== DATA BLOCK

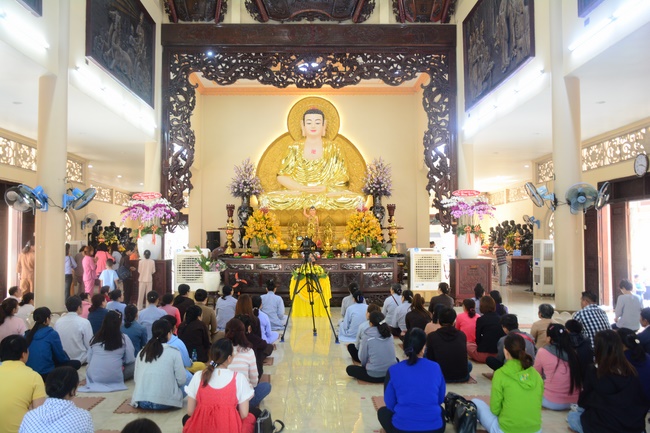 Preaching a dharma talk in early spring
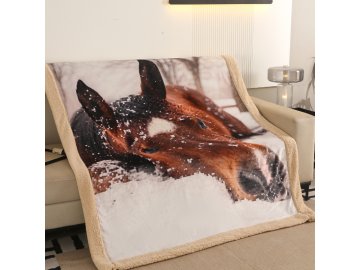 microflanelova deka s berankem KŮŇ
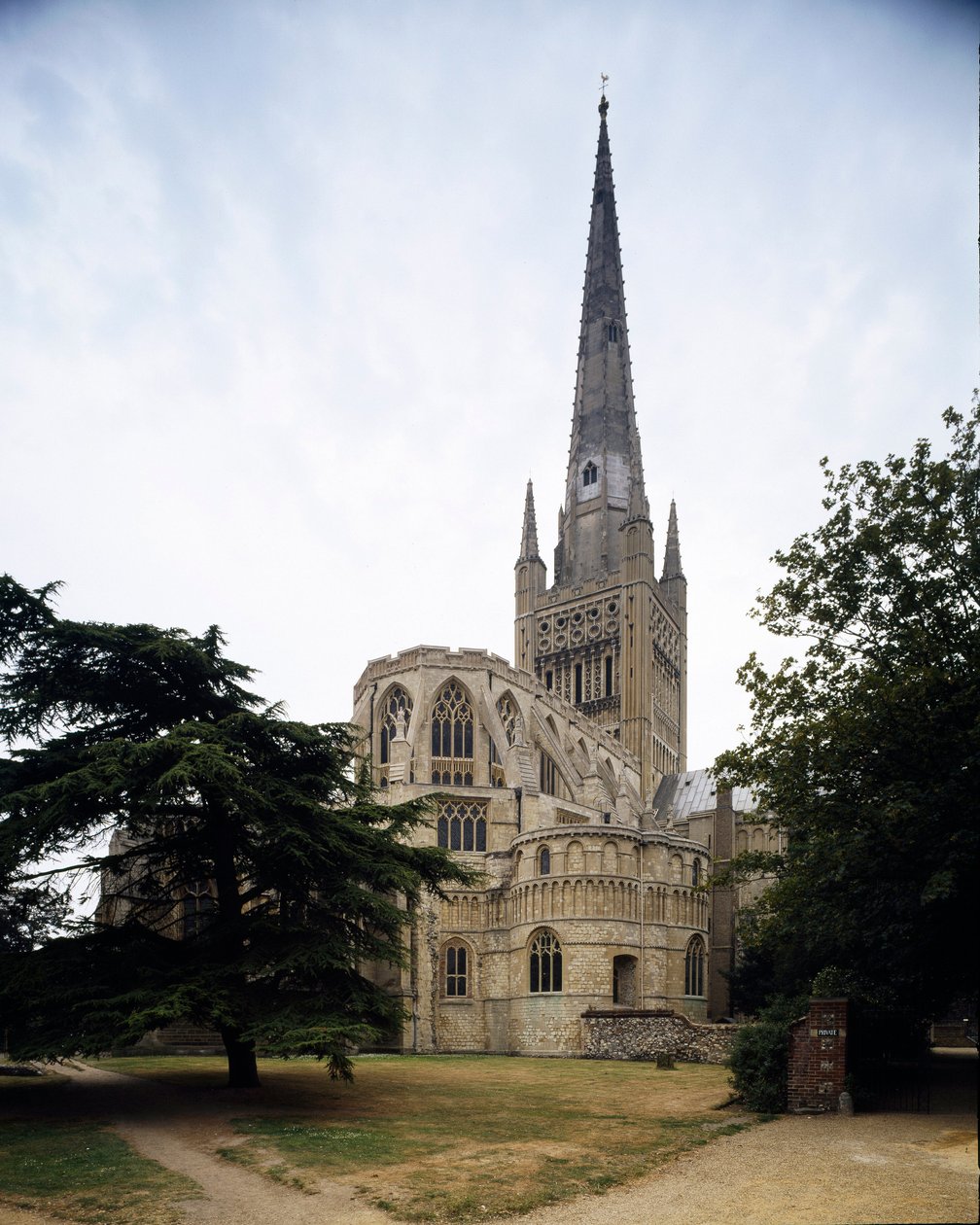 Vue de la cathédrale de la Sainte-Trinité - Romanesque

====

▶ _WORK ORDER_
Retype the material above exactly, images excluded.

▶ _RESULT FOR THIS EXERCISE_
 Preaching a dharma talk in early spring
 microflanelova deka s berankem KŮŇ
 Vue de la cathédrale de la Sainte-Trinité - Romanesque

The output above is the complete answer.